- _ABOUT THIS EXERCISE_:
Begin your copy at the line holding "Brown Cross-Strap Trail" and end it at the last line of the listing. Keep every line exact and leave out the pictures.

- _SOURCE DATA_:
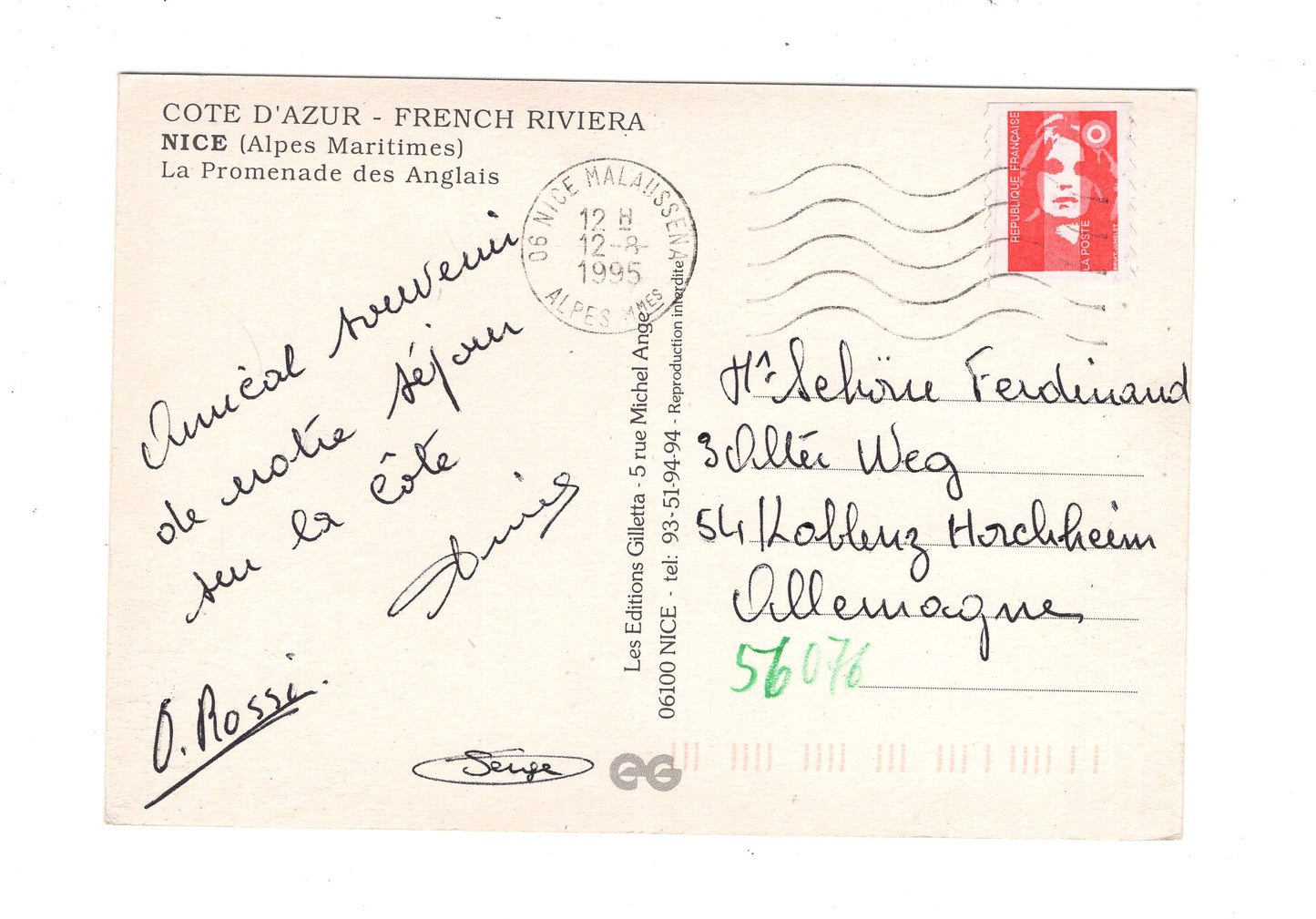 Ansichtskarte Nice Nizza / Frankreich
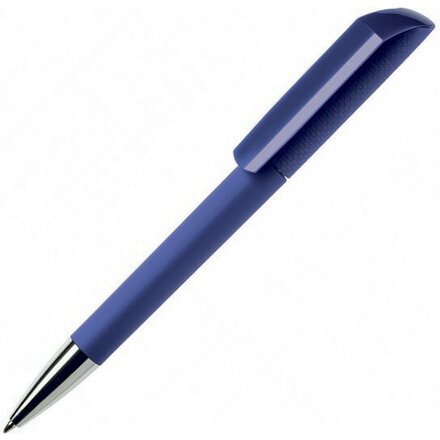 Ручка шариковая автоматическая "Flow T-GOM C CR" софт-тач, синий/серебристый
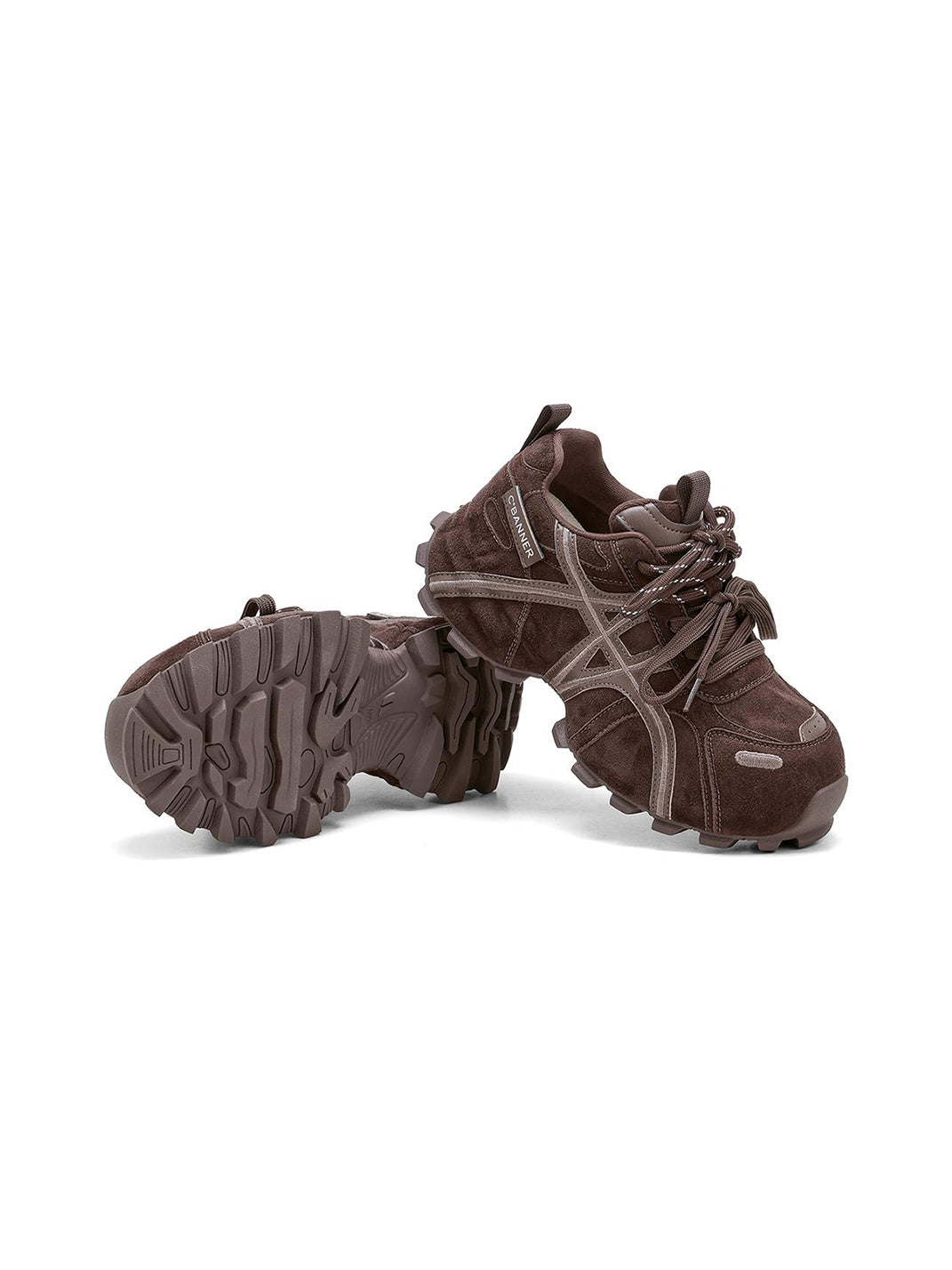 Brown Cross-Strap Trail Runner Sneakers - Skipkicks
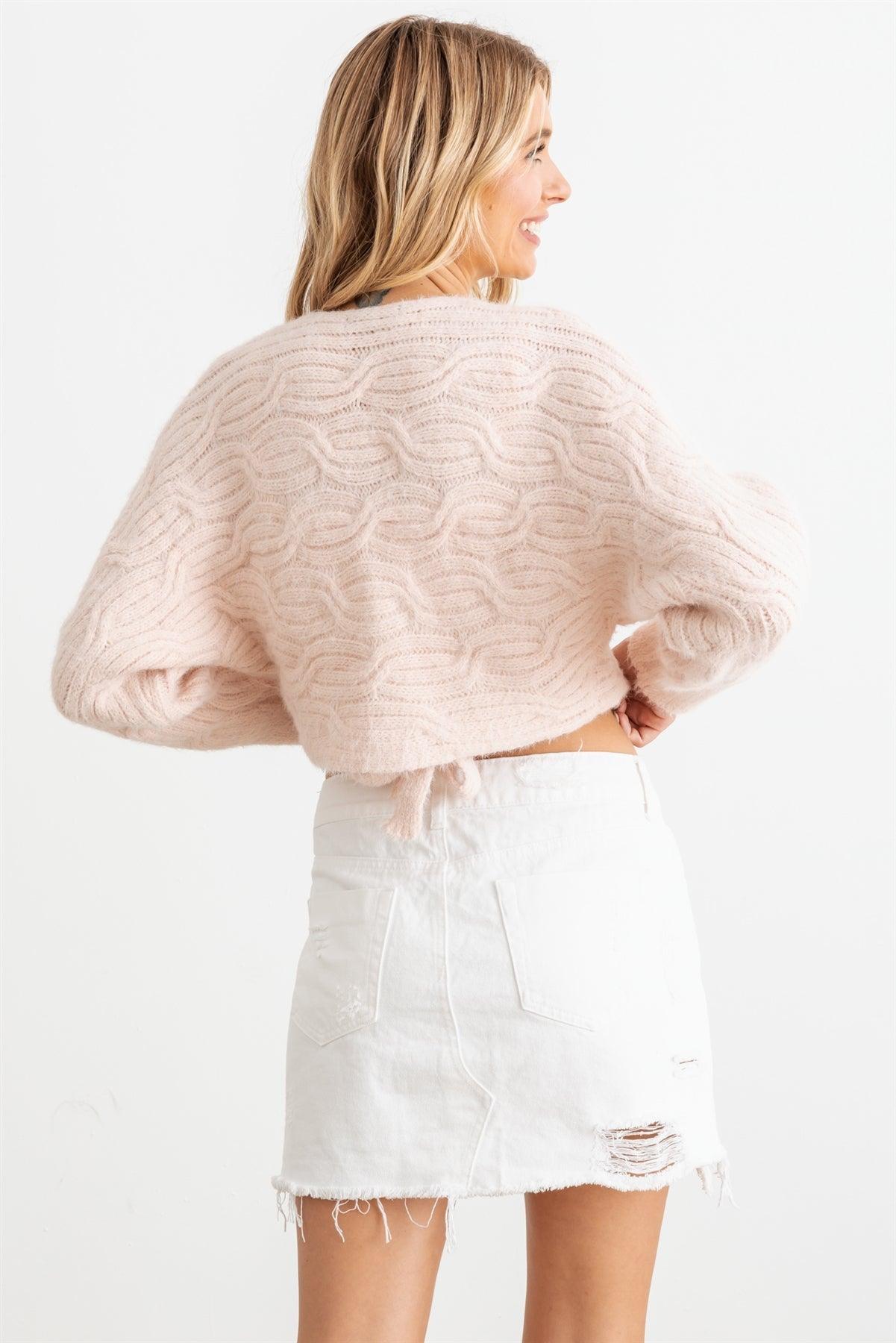 Pink Fuzzy Knit Wrap Long Sleeve Sweater/Cardigan /2-2-2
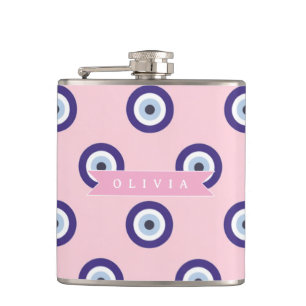 Persoonlijke Roze Boze Oog Patroon Geschenken Met  Heupfles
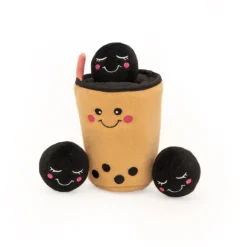 Zippy Paws Zippy Burrow Interactive Dog Toy - Boba Milk Tea + 3 Boba Squeaky Toys New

- _ANSWER SPACE_:
 Brown Cross-Strap Trail Runner Sneakers - Skipkicks
 Pink Fuzzy Knit Wrap Long Sleeve Sweater/Cardigan /2-2-2
 Persoonlijke Roze Boze Oog Patroon Geschenken Met  Heupfles
 Zippy Paws Zippy Burrow Interactive Dog Toy - Boba Milk Tea + 3 Boba Squeaky Toys New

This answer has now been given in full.